We’ve all been there- you’re super busy, have a million things you need to get done, and you sit down to make a to do list. Have you ever sat down to make the to do list and stare at the paper for several minutes, wondering what exactly it is you need to write down? Or maybe you’ve been the person who sits down and starts writing things out and then after doing things for an hour or so, look back at your to do list and you still can’t mark anything off? Yeah, I’ve been there too.
If you are someone who isn’t even making to do lists and just go about your day doing things as they come to mind, I would challenge you to first sit down and write out everything you need to do. By doing this, you easy any anxiety you may have about what it is that needs to be done. I can’t even begin to tell you the number of times I’ve been walking through my house, making mental notes and pointing to things that need to get done- those are usually not productive days.

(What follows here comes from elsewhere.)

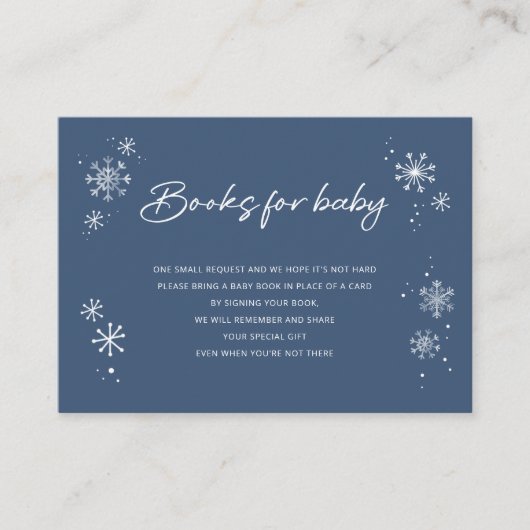 White Snowflakes Blue Books for Baby Ticket Begleitkarte (Vorderseite)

Whether you are someone who is just starting out with the idea of writing to do lists or you are someone who does it on a regular basis, here are some tips:
Create categories for the things you need to get done
Whether you refer to it as categories or buckets, giving yourself different areas of your life that have different aspects that need to get done allows you to focus on specific tasks at different times in the day.
Color in boxes or triangles next to each task when completed
Most everyone I know crosses things off their to do list. While there is something to be said for feeling accomplished in doing this, you are not celebrating the fact that you have finished the task. By creating either a box or a triangle that can be filled in, you allow yourself to acknowledge what you’ve already accomplished and track in progress tasks by partially coloring in the box.
Being specific allows you to really see all that needs to get done for an overall task. The most specific you are on your list, the more likely you are to remember all of the different moving parts. It also helps you to feel more accomplished because you are seeing the intermediate progress, instead of just the larger end result. If things have due dates, I suggest adding them to your to do list. It will help you know which things hold the greatest priority.
Put it in order
If you put your to do list in order, you spend less time trying to figure out what to do next when you finish one task and are ready for another. I also find that you are less likely to miss important tasks due to oversight.
Make it manageable
Be realistic with what you can accomplish in a given amount of time. I usually have two different lists running simultaneously- a big list of all the different things coming up and a shorter list for the specific day. I also make each day’s list the day before so when I start the day, I am ready to dive in.
These are just a few of my favorite tips. How do you like to make a to do list?